John,
Today, neighbors across the
district received a new attack mailer from Dean Preston and the
Tenants Union that shamelessly distorts our
Supervisor Vallie Brown’s housing history, criticizing her purchase
with friends of a small apartment building in 1994. We want you to
know the facts.
FACT: This was 25 years
ago and Vallie’s opponents are trying to distort the
record.
In 1994, Vallie and her
friends banded together to buy a small apartment building in the Lower
Haight, after living communally in SOMA warehouses and getting evicted
regularly.
FACT: Vallie and her young artist friends scraped
together a few thousand dollars to buy a small apartment building in
the Lower Haight.
Pooling what little they had and
asking generous friends for down-payment loans, Vallie and her friends
were able to pool enough money to secure a mortgage on a $275,000
building that was in probate court.
FACT: The building had fallen into disrepair and the
tenants refused to pay rent.
Vallie and her friends bought the
building without knowing the whole story inside. The building was in
complete disrepair and tenants had not paid rent in years. People came
and went from the building, and one unit was being used just for
storage.
FACT: Tenants were asked to stay, but refused because
staying would mean paying rent.
The reality is that the rent the
tenants were asked to pay was less than market rate or whatever they
could afford, but they still declined. This was in the 1990s when the
neighborhood was depressed and the typical rent was less than $400 per
month.
FACT: For over 20 years, Vallie took care of the
small apartment building and was the last of the original group of
friends to leave.
Over the years, through the ups and
downs, they shared and rented the building with low-income artists,
Section 8 recipients, friends, and nonprofit workers. In 2014, after
Vallie’s partner of 16 years died, she finally sold her home of 20
years. As her friends had moved on over the years, Vallie had secured
additional loans from the bank to cover their shares, which left her
with just enough equity to buy a new home for herself.

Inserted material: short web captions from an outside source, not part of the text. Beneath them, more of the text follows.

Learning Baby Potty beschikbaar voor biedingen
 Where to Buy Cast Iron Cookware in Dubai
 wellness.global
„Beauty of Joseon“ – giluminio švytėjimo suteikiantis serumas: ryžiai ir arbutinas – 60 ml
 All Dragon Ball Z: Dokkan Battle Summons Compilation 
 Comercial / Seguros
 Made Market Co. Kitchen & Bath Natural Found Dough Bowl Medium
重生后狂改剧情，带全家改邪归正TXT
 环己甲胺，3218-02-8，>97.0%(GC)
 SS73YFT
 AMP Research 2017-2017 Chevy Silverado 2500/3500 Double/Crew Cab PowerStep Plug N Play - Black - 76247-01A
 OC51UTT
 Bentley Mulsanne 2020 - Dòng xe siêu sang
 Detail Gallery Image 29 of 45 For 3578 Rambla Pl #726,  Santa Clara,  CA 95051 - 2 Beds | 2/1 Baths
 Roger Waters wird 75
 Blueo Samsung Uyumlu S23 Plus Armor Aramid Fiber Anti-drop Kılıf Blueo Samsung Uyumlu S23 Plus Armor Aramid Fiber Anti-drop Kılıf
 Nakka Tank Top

FACT: Vallie became a legendary activist and has
spent the past 25 years protecting renters, creating new rental
housing, and contributing to District 5.
Dean Preston, who lives in a
mansion overlooking Alamo Square, uses his inherited wealth to use
tenants to attack our neighborhood supervisor who he sees as simply a
political opponent, despite her longtime engagement and activism in
the neighborhood.
FACT: Vallie has a long history of fighting for
tenants. As our Supervisor, Vallie has taken an active and creative
approach to protecting renters.
Vallie created Displaced Tenant
Preference to help at-risk or displaced renters find new housing and
give them higher priority in lotteries for affordable housing, created
Neighborhood Preference Policy to give existing local residents
priority for new affordable housing in District 5, expanded the City’s
program to buy at-risk rent-controlled buildings by $40 million,
preventing Ellis Act evictions and permanently preserving affordable,
rent-controlled housing, co-sponsored legislation to protect renters
being “renovicted,” and is fighting against corporate landlord rent
increases and pass-throughs.
Learn more about Vallie’s record
fighting for renters and our
neighborhoods.
This shameless attack just 24 days before the election
isn’t going to stop our momentum. Please help set the record straight
by forwarding this email to your friends and neighbors.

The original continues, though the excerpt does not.